英国におけるエスニック・デュアリズムの移民政策的基礎

樽本 英樹 (北海道大学)

 国際人口移動が活発になるに伴い、エスニック・マイノリティの社会階層的地位が注目されてきている。エスニック・マイノリティに関する限り、あるエスニック集団が下層を占めている社会状態を、エスニック・デュアリズムと呼ぶことができる。近代化論的・経済均衡的見解からは、エスニック・デュアリズムは市場的要因によって形成・維持・変容されるということになろう。しかし実際には、政府・議会を含んだ政治的要因が大きく関係しているのである。

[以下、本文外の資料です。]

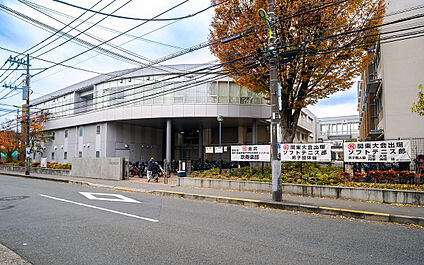 世田谷区立深沢中学校 450m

 本発表では、英国をとりあげ、市民権に注目することでエスニック・デュアリズムに対する政治的要因の関与の仕方を明らかにすることにする。一般的にヨーロッパ諸国は、そもそも「自国民」ではない「外国人労働者」に対する権利付与が問題となっている。しかし、戦後英国の現在までの歴史的展開は、権利を付与される対象者を限定していくことで、そもそもの(潜在的)市民を「他国民」へつくり直すという「権利剥奪過程」であった。その際には、血縁等いくつかの「一般的原理」が使用された。しかしある時期には同時に、ある種の労働許可制度が労働力調達のために利用されていた。つまり国家介入は、市民社会から権利的に排除される「市民でない者」を創出し、同時に地理的・物理的には入国させることで「魅力的な労働力商品」を生産していたのである。

報告概要

栗田 宣義 (武蔵大学)

 本年度の自由報告第5部会は、理論研究が2篇、実態調査が1篇、計3篇の報告がなされた。

 第一報告である酒井隆史会員の研究は「セクシュアリティとアイデンティティ」と題されており、アイデンティティ・ポリティクスの理論的地平を俯瞰するものである。一般的には、アイデンティティ・ポリティクスにはあてがわれたアイデンティティへの異議申立ての局面と、積極的に肯定的アイデンティティを獲得しようとするもうひとつの局面がある。酒井会員は、「社会構成主義」の視点からジェンダー・アイデンティティを「性システム」、「ジェンダー・システム」、「セクシュアリティのシステム」に類別した上で、「クイア理論」を手がかりに、いかに本質主義と絶縁可能かを論じた。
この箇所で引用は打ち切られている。